15th
Oct
2014

Posted in Kafevend Blog

1.Who is the Victoria sponge named for?

C-Queen Victoria: As we know from Queen Victoria's present of chocolate to her troops during the Boer War, she was a woman with a sweet tooth and it was one of the Queen's own ladies in waiting, Anna Duchess of Bedford who invented the concept of afternoon tea. Encouraged to hold her own tea parties in order to raise her spirits in the dark years following Prince Albert's death, the Queen set a trend which soon gained momentum amongst those who wished to emulate her. Naturally, the centre piece of many such an occasion, the traditional sponge cake sandwiched together with jam and cream, became known as a Victoria Sponge or Sandwich.

2.Which two colours traditionally feature in a Battenburg cake?

B-Pink and yellow: The pink and yellow chequered pieces are sandwiched together with apricot jam and held in place by the marzipan around the outside. It's popularly believed that this type of cake got its name as a result of the marriage of Prince Louis of Battenburg to Princess Victoria in 1884, at which the cake was presumably served. However, it seems we're being short changed these days, as early recipes call for nine alternately coloured sections rather than four. Imagine the patience needed to piece that together!

3.From which part of the UK does Bara Brith originate?

D-Wales: Bara Brith is a Welsh tea bread; the fruit and sugar is typically left to soak in tea overnight. Its name translates as speckled or mottled bread, the speckled nature being thanks to the currants and raisins of course. Nineteenth century Welsh immigrants to Argentina continued to make Bara Brith and it can still be found there today in Welsh tea houses where it's badged as Torta Negra, or Black Cake.

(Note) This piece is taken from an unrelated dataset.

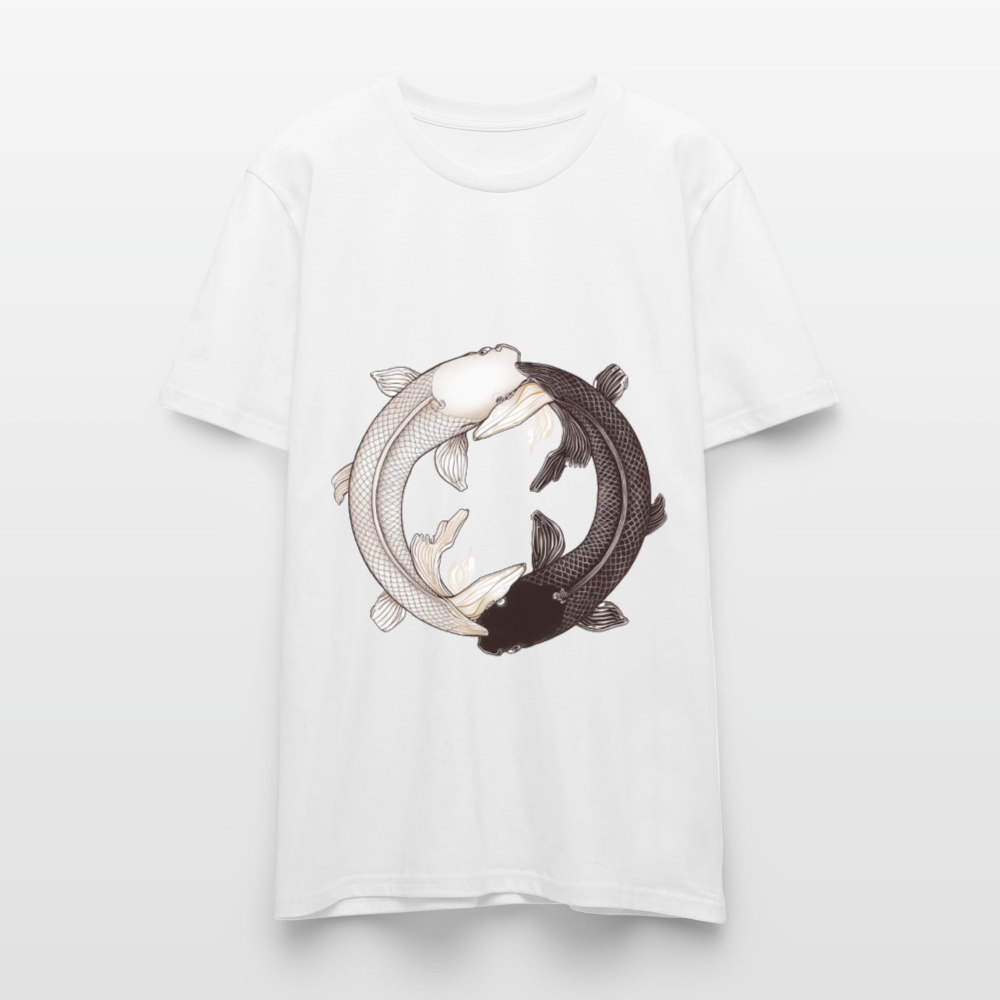 Klassisches Koi Yin & Yang T-Shirt | Detailreiche Schwarz-Weiß Illustration | Japanische Balance & Harmonie | Stanley/Stella Bio-Baumwolle - Weiß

4.What are Nutty Flips more commonly known as?

C-Flap Jacks: In North America a Flap Jack is another name for a pancake or griddle cake, which does seem appropriate once you realise that the flap part of the name originated from the term for flipping something over. How our oven baked product, which definitely doesn't get flipped over, ended up with the same name is a matter for conjecture, and the mystery only deepens on discovering that Nutty Flip is an alternative name for the Flap Jack in parts of the north of the UK. Best just enjoy that chewy texture and sweet, buttery taste!

5.Who said 'Let them eat cake'?

A-Marie Antoinette: This is the correct answer if popular myth is to be believed, but it's fairly likely that the flippant remark was attributed to her falsely so as to tarnish her reputation as a leading member of the hated aristocracy. In his autobiographical writings, the eighteenth century philosopher, Jean-Jacques Rousseau cites option B- Marie-Thérèse, the queen consort of an earlier  King Louis, as the originator of the famous saying.

6.Which liqueur is traditionally used in a Black Forest Gateau?

B-Kirsch: Distilled from cherries and their stones, Kirsch is the liqueur used to give the cake its alcoholic twang. Black Forest Gateau is a translation from the German, Schwarzwälder Kirschtorte. The German name was coined not for the Black Forest mountain range itself, but for the region's liqueur, Schwarzwälder Kirsch.

7.When did Mr. Kipling start selling cakes?

C-1967: Mr Kipling cakes have become something of an institution in shops and supermarkets up and down the country, as has their long running advertising slogan – 'exceedingly good cakes'. The company have retained a lead in the market since 1976 with favourites such as French Fancies and Bakewell Tarts.

8.Where did The Great British Bake Off's Mary Berry grow up?

A-Bath: Mary Berry was born and bred in Bath. She discovered her aptitude for baking at Bath High School and during her first job at the Bath Electricity Board Showroom, she used her talent for making Victoria Sponges to demonstrate to customers how to use their new cookers!